Clipboards Have Multiple Personalties
Clipboards are more than a text buffer, they're almost full databases
One day, I copied a paragraph from a Word document into another Word document, and also into notepad.exe
. When I pasted into the second Word document, all my font sizes, color, spacing etc. remained in place, but when I pasted into notepad.exe
I just got the raw text. Clearly the clipboard is storing styling information, but it's additionally storing the raw version? I had to find out more...
It turns out that, yes, when you copy data, multiple formats are stored in clipboard, and then applications dictate which formats they can accept. Let's have a quick look at that in practice.

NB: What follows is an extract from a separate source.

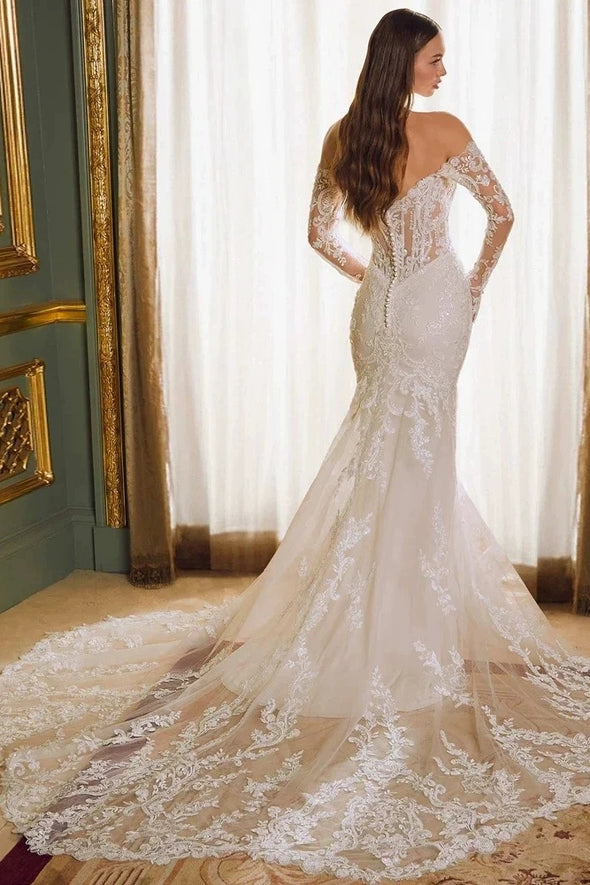 #LY9205 Long Sleeves Off The Shoulder Lace Mermaid Wedding Dress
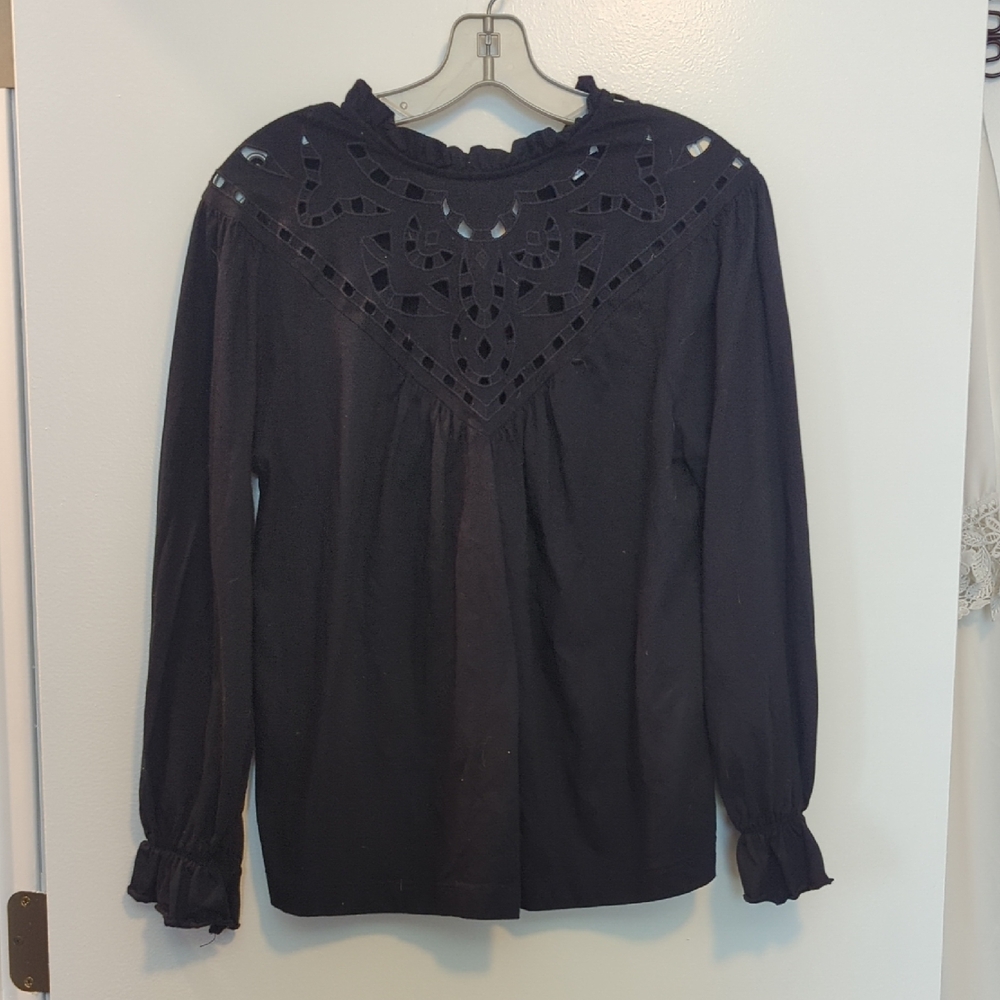 Warehouse Black Eyelet Women's Blouse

Cracking open the clipboard
In this demo, I am using Linux with the Xorg
clipboard, although similar principles apply on Windows, and I'm sure MacOS.
Using the tool xclip
we can examine the clipboard in detail. To get a list of formats currently stored on the clipboard, use the command: xclip -selection clipboard -o -t TARGETS
[1]. For the first demo, let's copy some raw text and see what's on the clipboard.
Seems we get a MIME type for plain text, a UTF8 formatted string, and a timestamp for when the copy event happened. Nothing too surprising other than the UTF8 string. Does the system auto convert plain text to UTF8 in case an application doesn't accept plain text? What about if we were to copy an image?
Again, no surprises there. Now for a file from my nautilus
file manager.
We have a lot of objects, but many of them contain the same data, which is simply a URI to the file e.g file:///home/harrison/example.json
. Finally, what kicked this all off, some formatted text from Google Docs:
Looks like it stores both HTML and custom Google Docs schema (in Word, this would be XML). What we can also see is that web apps can register custom schemas, are there security implications to this?
One little quirk I found while looking into this, is that when you copy an image from Firefox, it converts the image on the fly to a whole bunch of image formats!
A view from the other side
So we've seen what the clipboard looks like, but we're yet to see how applications copy various formats, and how they register what formats they can understand. Each OS and application framework would do this differently, so let's use the great equalizer and look at this in the browser with javascript. Firstly: setting custom clipboard data[2].
document.addEventListener('copy', function(e) {
e.clipboardData.setData('text/plain', 'Howdy');
e.clipboardData.setData('application/harrisonm', 'Howdy');
e.preventDefault();
});
Easy enough, and what about listing / reacting to different formats?[3]
document.addEventListener('paste', function(e) {
console.log(e.clipboardData.types);
if (e.clipboardData.types.indexOf('text/html') > -1) {
var HTMLdata = e.clipboardData.getData('text/html');
e.preventDefault();
}
});
That's all, hope you enjoyed my little foray into clipboard management, and more importantly, that you learnt something!